Our best friend Ann (not real name) talked to my W for a while but could not really talk b/c 25 yr roomie was there. W shared that she is looking for a better job and wants to get a place of her own. Also, Ann found out that 25 yr old roomie is moving by the end of July. I told Ann it would be great if she could reconnect with my W. Maybe go out to lunch, shopping, whatever.

The other thing that my W shared with Ann that Ann found puzzling or at least a distortion of the truth is that my W said that things were going great with D13. My W told Ann that "She knew D13 would eventually come around if she waited long enough". Ann wanted to say, but did not "Didn't missherlove ask D13 to contact you?" Ann just shook her head and smiled.

Ann is worried about me, and we talk about once a week and she misses my W and us as a couple, really is sad. They are starting to understand/accept that I am standing for my M.

The only other thing going on is that I am supposed to be taking the kids this coming weekend to see MIL and her husband, (MIL remarried). MIL is supportive of me and wants our M to survive and work, but has stopped pressuring my W b/c my W will shut her out. MIL has told my W before she is making a mistake.

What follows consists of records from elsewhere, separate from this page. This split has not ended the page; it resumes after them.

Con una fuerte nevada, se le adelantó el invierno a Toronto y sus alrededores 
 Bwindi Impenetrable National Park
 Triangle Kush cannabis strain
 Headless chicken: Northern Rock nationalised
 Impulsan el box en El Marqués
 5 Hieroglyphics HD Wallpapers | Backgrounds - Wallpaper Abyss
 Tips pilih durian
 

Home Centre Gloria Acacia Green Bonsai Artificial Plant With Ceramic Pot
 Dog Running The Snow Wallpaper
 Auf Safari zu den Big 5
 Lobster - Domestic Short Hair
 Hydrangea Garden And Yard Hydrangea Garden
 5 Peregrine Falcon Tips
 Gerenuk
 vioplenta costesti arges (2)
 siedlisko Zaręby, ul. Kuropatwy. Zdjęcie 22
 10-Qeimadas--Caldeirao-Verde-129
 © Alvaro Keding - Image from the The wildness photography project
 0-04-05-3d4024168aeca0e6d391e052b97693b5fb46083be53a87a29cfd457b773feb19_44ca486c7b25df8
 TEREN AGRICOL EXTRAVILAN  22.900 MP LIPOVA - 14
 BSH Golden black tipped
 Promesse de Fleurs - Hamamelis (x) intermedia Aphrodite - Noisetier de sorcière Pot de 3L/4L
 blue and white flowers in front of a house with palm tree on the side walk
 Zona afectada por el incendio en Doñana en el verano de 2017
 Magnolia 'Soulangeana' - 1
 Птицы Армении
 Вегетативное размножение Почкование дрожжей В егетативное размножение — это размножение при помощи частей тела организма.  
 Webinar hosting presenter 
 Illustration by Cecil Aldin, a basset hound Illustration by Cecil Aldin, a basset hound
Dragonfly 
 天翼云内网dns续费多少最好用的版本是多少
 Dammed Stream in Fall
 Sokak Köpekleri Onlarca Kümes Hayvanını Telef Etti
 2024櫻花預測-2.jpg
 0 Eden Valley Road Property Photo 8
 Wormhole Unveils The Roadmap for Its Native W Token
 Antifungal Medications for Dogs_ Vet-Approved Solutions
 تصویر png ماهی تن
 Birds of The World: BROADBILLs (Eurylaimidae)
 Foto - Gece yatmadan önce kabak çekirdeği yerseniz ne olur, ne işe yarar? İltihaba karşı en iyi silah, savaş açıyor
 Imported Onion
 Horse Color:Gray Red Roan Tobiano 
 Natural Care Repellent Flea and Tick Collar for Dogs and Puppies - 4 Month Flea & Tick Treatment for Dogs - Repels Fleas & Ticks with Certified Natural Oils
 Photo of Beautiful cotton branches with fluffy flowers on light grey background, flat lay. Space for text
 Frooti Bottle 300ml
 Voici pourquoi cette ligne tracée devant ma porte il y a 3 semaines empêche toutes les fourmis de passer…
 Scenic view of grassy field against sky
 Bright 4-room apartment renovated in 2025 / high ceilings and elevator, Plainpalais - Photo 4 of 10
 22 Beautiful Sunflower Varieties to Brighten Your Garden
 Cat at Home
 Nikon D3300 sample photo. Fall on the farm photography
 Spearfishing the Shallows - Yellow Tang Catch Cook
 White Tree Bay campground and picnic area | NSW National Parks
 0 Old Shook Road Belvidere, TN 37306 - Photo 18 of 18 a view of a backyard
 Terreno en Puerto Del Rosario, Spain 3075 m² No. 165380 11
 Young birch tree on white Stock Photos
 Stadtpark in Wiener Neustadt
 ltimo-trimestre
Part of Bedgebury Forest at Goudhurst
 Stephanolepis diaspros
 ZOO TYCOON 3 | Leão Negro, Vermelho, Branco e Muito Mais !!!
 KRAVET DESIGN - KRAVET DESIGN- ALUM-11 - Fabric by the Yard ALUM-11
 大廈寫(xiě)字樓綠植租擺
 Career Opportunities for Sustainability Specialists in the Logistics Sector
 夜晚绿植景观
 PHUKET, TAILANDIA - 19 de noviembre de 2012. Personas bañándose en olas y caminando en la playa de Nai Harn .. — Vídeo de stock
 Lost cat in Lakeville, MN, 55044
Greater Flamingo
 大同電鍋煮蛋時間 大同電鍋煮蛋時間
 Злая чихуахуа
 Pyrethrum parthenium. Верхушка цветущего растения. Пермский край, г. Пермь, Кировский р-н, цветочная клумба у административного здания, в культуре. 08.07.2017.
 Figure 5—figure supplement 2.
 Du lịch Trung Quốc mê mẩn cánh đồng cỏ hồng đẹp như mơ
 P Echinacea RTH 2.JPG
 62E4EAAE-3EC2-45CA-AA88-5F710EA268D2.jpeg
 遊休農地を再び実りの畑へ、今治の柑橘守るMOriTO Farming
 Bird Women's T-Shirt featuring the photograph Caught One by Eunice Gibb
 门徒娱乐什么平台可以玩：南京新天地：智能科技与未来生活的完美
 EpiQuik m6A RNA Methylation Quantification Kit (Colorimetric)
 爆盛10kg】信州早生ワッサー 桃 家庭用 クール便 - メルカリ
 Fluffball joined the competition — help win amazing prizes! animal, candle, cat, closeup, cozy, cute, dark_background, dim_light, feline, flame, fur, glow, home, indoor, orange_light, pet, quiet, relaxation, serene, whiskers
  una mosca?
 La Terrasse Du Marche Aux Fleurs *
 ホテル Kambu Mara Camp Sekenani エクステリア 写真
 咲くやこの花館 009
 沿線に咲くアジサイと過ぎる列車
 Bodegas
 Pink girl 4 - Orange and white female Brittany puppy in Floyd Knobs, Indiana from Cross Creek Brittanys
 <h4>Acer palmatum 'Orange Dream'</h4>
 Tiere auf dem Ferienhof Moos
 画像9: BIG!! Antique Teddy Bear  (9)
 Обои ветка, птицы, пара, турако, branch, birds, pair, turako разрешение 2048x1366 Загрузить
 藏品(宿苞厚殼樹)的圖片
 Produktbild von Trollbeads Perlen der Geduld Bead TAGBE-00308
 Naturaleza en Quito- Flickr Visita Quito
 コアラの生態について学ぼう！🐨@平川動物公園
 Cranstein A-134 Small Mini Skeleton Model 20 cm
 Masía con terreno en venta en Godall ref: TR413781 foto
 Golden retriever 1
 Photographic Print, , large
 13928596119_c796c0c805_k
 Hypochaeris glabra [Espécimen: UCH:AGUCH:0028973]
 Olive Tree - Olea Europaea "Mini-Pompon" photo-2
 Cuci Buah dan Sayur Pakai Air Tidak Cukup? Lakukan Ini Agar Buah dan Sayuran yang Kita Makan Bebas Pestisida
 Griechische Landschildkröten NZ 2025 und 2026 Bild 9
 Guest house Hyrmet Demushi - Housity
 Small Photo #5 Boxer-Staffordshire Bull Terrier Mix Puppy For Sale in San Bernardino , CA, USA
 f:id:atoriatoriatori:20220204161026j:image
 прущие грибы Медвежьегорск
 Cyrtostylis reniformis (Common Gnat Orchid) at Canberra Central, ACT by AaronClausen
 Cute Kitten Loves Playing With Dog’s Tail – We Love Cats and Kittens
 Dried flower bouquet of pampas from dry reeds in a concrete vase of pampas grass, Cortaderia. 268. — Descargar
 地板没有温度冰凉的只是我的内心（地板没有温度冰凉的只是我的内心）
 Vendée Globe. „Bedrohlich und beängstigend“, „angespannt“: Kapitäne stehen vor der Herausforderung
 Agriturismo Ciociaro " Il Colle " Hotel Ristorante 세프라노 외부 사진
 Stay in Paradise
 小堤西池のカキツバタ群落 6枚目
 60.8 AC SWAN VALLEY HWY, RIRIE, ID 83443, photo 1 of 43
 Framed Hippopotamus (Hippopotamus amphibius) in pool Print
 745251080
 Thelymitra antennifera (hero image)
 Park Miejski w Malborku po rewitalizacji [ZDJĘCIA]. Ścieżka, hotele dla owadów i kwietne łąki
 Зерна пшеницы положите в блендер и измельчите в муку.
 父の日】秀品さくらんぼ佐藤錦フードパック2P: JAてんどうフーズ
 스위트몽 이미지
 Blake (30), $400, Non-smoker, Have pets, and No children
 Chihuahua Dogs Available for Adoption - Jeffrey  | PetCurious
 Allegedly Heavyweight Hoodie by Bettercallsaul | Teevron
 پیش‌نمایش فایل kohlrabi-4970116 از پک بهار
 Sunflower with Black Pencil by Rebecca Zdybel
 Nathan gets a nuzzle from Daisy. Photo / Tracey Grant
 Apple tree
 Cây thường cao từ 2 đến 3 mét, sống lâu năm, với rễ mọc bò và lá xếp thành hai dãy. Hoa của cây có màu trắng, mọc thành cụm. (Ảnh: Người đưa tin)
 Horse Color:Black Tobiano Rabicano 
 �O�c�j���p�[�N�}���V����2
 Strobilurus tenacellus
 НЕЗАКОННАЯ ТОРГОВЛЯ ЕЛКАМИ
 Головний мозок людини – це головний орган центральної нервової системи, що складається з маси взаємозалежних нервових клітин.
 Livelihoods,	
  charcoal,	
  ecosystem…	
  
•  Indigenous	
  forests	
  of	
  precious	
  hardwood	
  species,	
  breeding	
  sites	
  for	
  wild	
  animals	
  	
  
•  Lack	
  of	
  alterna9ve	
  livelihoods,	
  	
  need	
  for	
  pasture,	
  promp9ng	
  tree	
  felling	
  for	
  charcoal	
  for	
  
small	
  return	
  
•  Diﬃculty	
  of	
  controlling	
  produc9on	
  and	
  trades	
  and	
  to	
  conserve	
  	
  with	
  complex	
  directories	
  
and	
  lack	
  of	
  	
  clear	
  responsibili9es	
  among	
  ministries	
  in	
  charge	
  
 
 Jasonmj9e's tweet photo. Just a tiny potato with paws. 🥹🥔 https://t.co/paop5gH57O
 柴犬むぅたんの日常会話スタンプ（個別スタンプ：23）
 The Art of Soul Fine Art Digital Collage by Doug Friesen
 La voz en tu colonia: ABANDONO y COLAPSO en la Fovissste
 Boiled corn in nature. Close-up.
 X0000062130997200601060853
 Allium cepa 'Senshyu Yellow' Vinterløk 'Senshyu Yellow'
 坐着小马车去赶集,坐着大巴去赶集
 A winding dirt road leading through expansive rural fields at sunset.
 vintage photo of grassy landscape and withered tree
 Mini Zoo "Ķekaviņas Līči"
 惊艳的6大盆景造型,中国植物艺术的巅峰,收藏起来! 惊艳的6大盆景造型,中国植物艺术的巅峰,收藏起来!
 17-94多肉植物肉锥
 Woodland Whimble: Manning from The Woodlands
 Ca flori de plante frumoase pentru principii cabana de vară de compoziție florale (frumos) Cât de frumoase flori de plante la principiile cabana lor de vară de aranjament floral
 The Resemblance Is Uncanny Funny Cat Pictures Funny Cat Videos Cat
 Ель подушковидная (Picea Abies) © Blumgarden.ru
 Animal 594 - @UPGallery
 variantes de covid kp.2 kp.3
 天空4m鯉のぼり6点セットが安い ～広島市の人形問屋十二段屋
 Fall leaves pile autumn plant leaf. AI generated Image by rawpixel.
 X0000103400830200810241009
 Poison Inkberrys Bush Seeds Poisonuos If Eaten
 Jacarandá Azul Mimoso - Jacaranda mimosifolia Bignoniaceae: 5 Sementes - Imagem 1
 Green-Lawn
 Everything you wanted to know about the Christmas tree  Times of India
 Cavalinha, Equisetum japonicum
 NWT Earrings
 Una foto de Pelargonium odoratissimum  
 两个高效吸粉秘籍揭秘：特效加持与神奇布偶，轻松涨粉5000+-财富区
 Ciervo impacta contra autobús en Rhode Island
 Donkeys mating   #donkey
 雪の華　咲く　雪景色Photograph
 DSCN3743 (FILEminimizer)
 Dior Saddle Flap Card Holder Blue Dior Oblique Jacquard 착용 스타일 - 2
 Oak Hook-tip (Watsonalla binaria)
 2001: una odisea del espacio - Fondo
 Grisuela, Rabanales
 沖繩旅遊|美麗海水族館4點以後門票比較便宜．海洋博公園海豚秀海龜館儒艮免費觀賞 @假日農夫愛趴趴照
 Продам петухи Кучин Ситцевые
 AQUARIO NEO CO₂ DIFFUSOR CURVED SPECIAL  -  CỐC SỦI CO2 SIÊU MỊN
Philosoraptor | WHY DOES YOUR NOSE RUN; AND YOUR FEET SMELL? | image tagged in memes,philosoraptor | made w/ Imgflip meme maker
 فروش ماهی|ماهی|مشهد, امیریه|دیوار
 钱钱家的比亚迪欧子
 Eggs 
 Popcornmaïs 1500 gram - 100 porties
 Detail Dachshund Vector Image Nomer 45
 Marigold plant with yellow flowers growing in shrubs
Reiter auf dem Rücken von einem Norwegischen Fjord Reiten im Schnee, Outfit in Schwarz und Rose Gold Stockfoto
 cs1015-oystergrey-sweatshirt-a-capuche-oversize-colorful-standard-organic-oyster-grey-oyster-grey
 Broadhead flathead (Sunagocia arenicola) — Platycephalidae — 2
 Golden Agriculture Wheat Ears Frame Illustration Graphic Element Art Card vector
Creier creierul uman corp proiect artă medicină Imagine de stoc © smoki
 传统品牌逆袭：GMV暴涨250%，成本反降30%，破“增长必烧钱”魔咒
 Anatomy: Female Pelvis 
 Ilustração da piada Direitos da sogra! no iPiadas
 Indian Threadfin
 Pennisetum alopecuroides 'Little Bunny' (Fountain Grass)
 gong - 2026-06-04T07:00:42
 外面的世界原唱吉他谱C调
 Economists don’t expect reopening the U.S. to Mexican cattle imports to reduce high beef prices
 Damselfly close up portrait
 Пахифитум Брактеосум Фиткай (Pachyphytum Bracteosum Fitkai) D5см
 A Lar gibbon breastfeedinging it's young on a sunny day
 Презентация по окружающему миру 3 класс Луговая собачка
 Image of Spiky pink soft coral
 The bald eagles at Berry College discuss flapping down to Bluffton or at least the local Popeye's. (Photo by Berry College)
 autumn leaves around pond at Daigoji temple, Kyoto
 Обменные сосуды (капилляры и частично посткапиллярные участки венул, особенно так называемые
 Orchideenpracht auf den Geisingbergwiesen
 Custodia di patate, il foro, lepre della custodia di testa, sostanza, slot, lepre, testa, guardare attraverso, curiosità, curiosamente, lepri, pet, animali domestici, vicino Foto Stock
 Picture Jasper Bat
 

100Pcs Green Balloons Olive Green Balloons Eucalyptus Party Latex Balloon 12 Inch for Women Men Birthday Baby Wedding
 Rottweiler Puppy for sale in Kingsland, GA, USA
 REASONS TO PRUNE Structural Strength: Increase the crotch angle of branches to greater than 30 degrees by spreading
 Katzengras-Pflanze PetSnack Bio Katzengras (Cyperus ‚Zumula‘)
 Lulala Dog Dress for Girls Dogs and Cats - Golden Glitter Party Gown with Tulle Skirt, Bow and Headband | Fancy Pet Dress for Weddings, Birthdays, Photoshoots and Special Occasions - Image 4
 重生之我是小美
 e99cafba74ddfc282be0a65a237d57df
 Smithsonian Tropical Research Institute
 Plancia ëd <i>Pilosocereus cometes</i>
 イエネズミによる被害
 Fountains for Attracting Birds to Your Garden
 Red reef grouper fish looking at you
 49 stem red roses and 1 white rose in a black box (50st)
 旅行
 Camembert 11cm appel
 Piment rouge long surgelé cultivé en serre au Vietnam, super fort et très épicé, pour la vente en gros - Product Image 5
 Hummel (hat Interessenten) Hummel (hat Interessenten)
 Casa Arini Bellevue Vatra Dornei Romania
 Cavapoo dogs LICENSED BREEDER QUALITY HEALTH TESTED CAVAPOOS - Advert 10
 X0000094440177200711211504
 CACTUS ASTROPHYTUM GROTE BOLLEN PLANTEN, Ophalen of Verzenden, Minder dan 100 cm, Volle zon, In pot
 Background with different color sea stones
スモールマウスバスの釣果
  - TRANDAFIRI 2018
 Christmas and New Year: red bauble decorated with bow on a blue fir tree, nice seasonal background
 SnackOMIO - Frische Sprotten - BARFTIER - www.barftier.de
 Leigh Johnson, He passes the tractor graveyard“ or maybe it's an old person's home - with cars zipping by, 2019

The only snag here is that this is supposed to be W's weekend with the kids. I had asked my W last week after church, if she wanted to come along as a family. She said no. Well, unknown to me D13 asked her that night and my W told D13 that "It wouldn't be a good idea" (love that one, right up there with ILYBNILWY.) I get that sometimes too.

Well later in the week, my W texted D13 to ask her if she wanted to come to Nana's lake house with her and S10. D13 said "no" she has already made plans to go with me and S10 but W is welcome to come and join us. W told her "not a good idea again". I guess W is okay with kids going with me to see her mother, normally a very good time. Pics on the alt from last year, granted it was 2 weeks after the Bomb but still fun.

D13 now wants Mom and Dad to get back together which was a change from earlier when D13 had told me she did not want us to get back together.

Right now I am planning on taking the kids to Nana's lake house for a long weekend and since I have not heard from my W, I confirmed via email with MIL. I am not going to ask MIL if she has talked with my W. I am going to "act as if" everything is okay and assume that W does not have a problem with it. I would like it very much if my W would go, hope she changes her mind. (no expectations here, different from hope IMO)

D13 was just talking to me and said she was going to ask mom again about next weekend. I cautioned D13 about developing expectations. D13 said mom might be "planning a trip out of town" (code for she is going to meet an OM) I told D13 we don't know that and don't jump to conclusions for which you have no basis for. I think D13 might start to press my W on somethings, I want to make sure that I do not encourage my D13 to say anything to W so hopefully W does not preceive that I am using D13 to press her about our R. I know I have no control on this otherthan what I do or say around the kids.

Oh yeah, I will probably be on the road on "little friday" so may have to get a surrogate stand-in, and text from the road.

Cheers!!!


Formerly "missherlove"

Me49 XW49
M17 T19
S16 D20

Expose yourself to your deepest fear; after that, fear has no power, and the fear of freedom shrinks and vanishes. You are free.